Renan atribui as lições políticas a José Sarney e ao apoio pessoal que
recebeu do ex-presidente Luiz Inácio Lula da Silva no auge da crise de
2007. Hoje, depois de ver o próprio Sarney se safar do escândalo dos
atos secretos no Congresso, em 2009, o alagoano afirma nos bastidores
que não precisava necessariamente ter renunciado à presidência do
Senado. E insiste no discurso de que foi a imprensa quem tentou lhe
tomar o mandato.
Entre altos e baixos, aliados e desafetos são unânimes em afirmar que o
instinto de sobrevivência de Renan é a sua principal característica. E
lembram que, em momentos de tensão na base governista, era Renan quem
insuflava as rebeliões e, em seguida, assumia o papel de interlocutor
com o Palácio do Planalto para dissipar a crise. Em troca, nunca saiu de
mãos vazias.
Em embates pessoais, atribuiu ao usineiro João Lyra parte do escândalo
envolvendo a jornalista Mônica Veloso, em 2007.
o
senador tinha despesas pessoais pagas por Cláudio Gontijo, lobista da
construtora Mendes Júnior. Entre os préstimos do empresário estavam a
pensão e o aluguel da jornalista, com quem o senador teve uma filha fora
do casamento.
Dos cinco processos aos quais respondeu no Conselho de Ética por quebra
de decoro parlamentar no auge da crise – as denúncias envolviam lobby
em favor da Schincariol, cobrança de propina em ministérios controlados
pelo PMDB e espionagem de adversários políticos – o que considera ter
enfrentado com maior desgaste foi a revelação de sua relação
extraconjugal. Acreditava que estava passando por “duas guerras”, uma
política, na qual os senadores Arthur Virgílio (PSDB), Demóstenes Torres
(DEM) e Pedro Simon (PMDB) pediam sua cabeça em plenário, e outra mais
acirrada: em casa. Sua esposa Verônica e os três filhos, incluindo o
deputado Renan Filho (PMDB), lhe viraram as costas.

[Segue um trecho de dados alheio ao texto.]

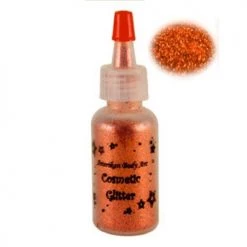Glitter & Glitter Tattoo Amerikan Body Art Opaque Glitter - Tangerine (0.5 Oz)
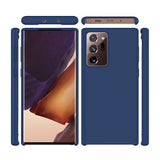 Samsung Galaxy Note 20 Ultra Silikonikuori Sininen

"Tenho muito respeito pelo Renan. Ele tem qualidades. Ajudou a
transformar o Collor em presidente da República, e isso apesar de o
Collor ter brigado com Renan antes. Mas, taticamente, para ele não é
interessante entrar nessa jogada de sucessão no Senado. Em 2007 ele
renunciou à presidência antes da votação da cassação dele e agora volta?

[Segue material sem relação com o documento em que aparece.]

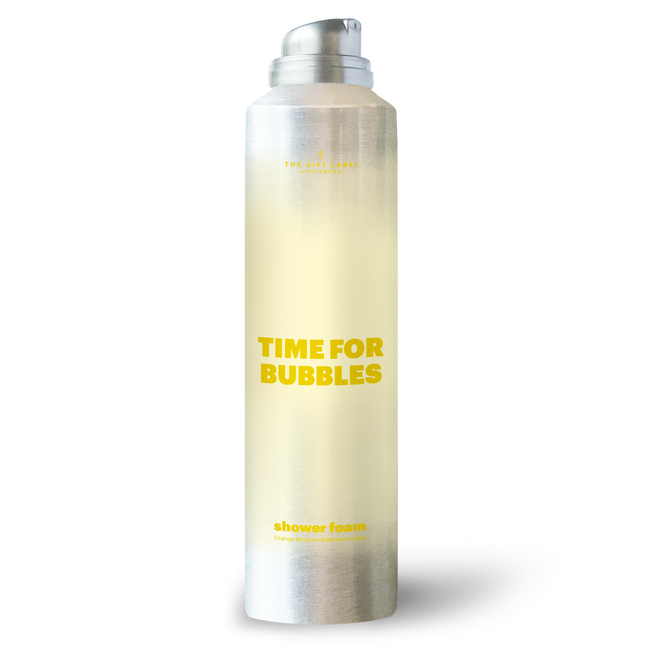 Shower Foam 200ml - STUDIO - Time For Bubbles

Não fica bem", diz o rival de outrora Pedro Simon.
As relações dúbias de Renan com aliados e desafetos já envolveram, por
exemplo, uma sociedade oculta com João Lyra, que viria a romper com o
senador depois, para a compra de veículos de comunicação. Nas eleições
municipais de outubro deste ano, no entanto, Renan Calheiros não viu
problema em se aliar ao próprio Lyra para apoiar a candidatura do
pedetista Ronaldo Lessa à prefeitura de Maceió. Os tentáculos do
provável futuro presidente do Senado vão desde sua assinatura na ata de
fundação do PSDB, em junho de 1988, até as alianças oscilantes com o
senador Fernando Collor e com o atual governador de Alagoas, Teotônio
Vilela.
Na relação direta com o Palácio do Planalto, agora revitalizada depois
de o PMDB ter emitido sinais de que não aceitaria o nome do ministro de
Minas e Energia, Edison Lobão, como candidato à sucessão de Sarney,
Renan capitaneou rebeliões para barrar em março no Congresso a
recondução de Bernardo Figueiredo
ao cargo de diretor-geral da Agência Nacional de Transportes Terrestres
(ANTT). A grita do PMDB é histórica: sempre está insatisfeito com o
ritmo de liberação de emendas parlamentares, com a morosidade na
nomeação de apadrinhados, com a falta de autonomia dos ministros não
petistas.
Sem Lobão e agora com caminho livre para ser ungido presidente do
Senado, Renan Calheiros revelou a interlocutores ter a convicção de que
pode sair vitorioso facilmente. Acredita que já não tem de enfrentar as
três principais pedras nos seus sapatos dos idos de 2007: a força de
oratória do senador Pedro Simon e as línguas afiadas do ex-senador
tucano Arthur Virgílio, ex-amigo pessoal, e do senador Demóstenes
Torres, cassado após revelações de parceria espúria com Carlinhos
Cachoeira. Para o político alagoano,o passado não é capaz de impedir seu
retorno à presidência do Senado. Presidir o Senado, diz ele, é mesmo
“consequência das circunstâncias políticas”.